German

Nested
Re: eliminating prompts with special characters
User: nsh
Date: 2/14/2008 11:56 pm
Views: 167
Rating: 19

Well, I could build a model this weekend, until that you probably need to install and try pocketsphinx either on windows or, better on Linux. About language model, filtering is a trivial step already done by language modelling toolkits, we'll return to this later when we'll have acoustic model but you only need to use one of them.

 

Re: eliminating prompts with special characters
User: nsh
Date: 2/15/2008 3:45 pm
Views: 201
Rating: 23
Hm, the only little problem exists, where can I download the audio? It's rather annoying to check every archive in Listen page.
Re: eliminating prompts with special characters
User: kmaclean
Date: 2/15/2008 5:52 pm
Views: 2627
Rating: 16

Hi nsh,

Unfortunately I have not moved any German audio to subversion.

However, here is quick and dirty way to get the audio:

1.  $wget -r -l2   http://www.voxforge.org/home/downloads/speech/german-speech-files -A "ralfherzog*" 

this will create a directory called www.voxforge.org

2. search the directory for *.zip files using Gnome's search tool, and drag the results to the directory you want.

Ken 

Re: eliminating prompts with special characters
User: nsh
Date: 2/17/2008 7:11 am
Views: 266
Rating: 27

Ok, I created a model from a third of audio data, you can download it here:

  http://www.mediafire.com/?2bmbsmmzrm5

it decodes numbers quite well

Re: eliminating prompts with special characters
User: nsh
Date: 3/15/2008 4:06 am
Views: 193
Rating: 15
Ken, can I just commit audio to the repo?

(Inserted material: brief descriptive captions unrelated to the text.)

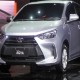 Toyota Berupaya Jaga Kontribusi Segmen LCGC 20%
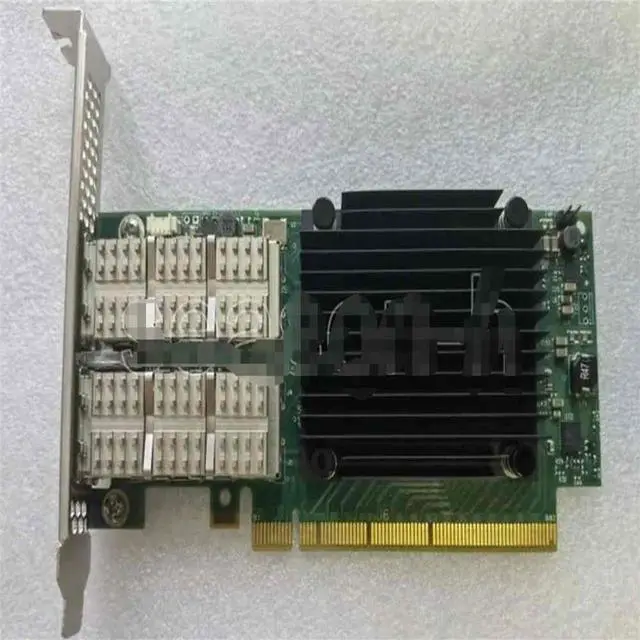 Main image of FOR MCB194A-FCAT CB194A Connect-IB Full profile bracket network card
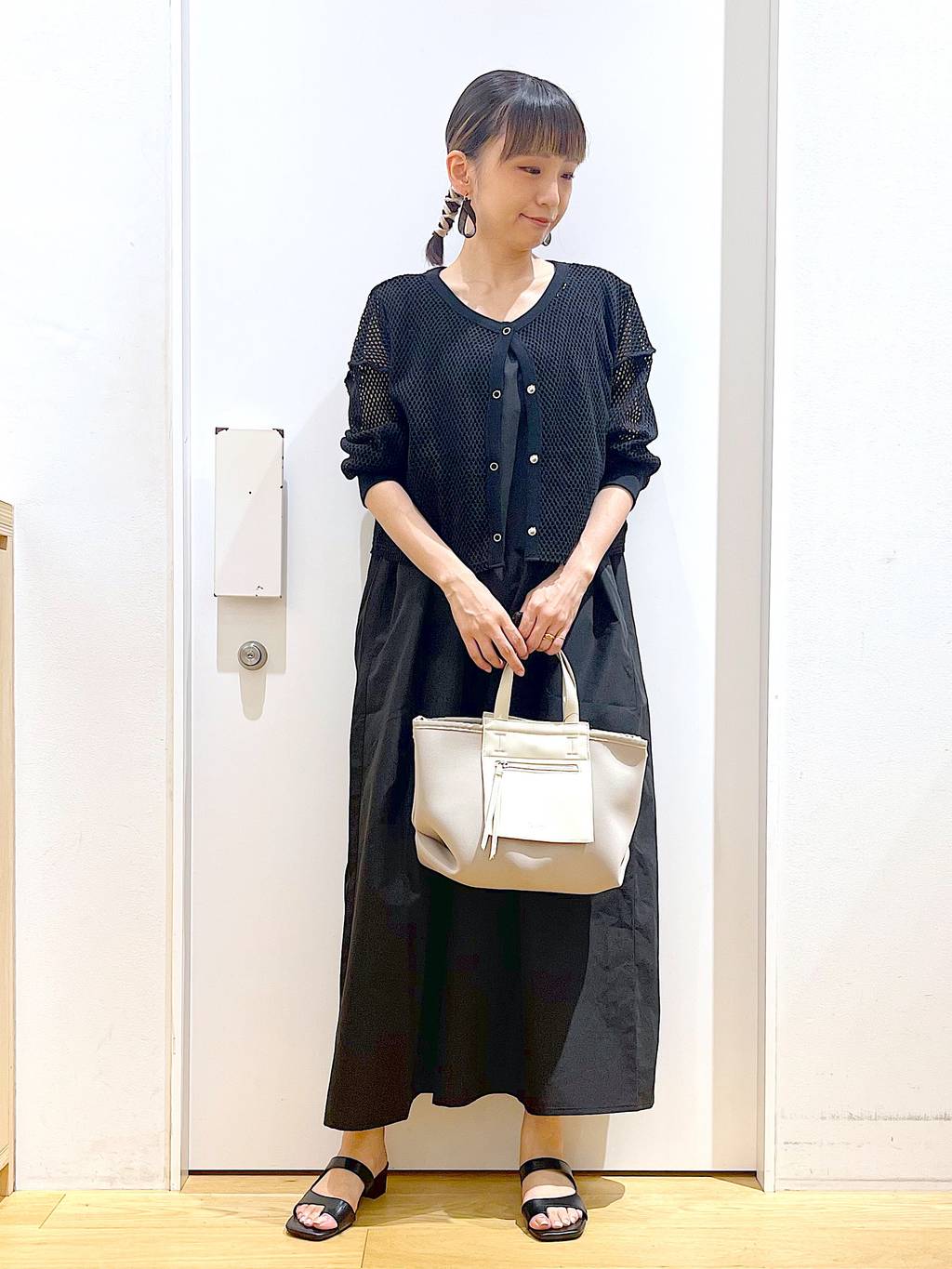 LAKOLEのコーディネートを紹介します。｜Rakuten Fashion(楽天ファッション／旧楽天ブランドアベニュー)1568203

Will it be available for download? There is some interest in optimizing models and missing audio is the biggest obstacle.
Re: eliminating prompts with special characters
User: kmaclean
Date: 3/15/2008 8:05 am
Views: 206
Rating: 13

Hi nsh,

Yes, go for it! You should have commit access to the German svn repository... if not let me know.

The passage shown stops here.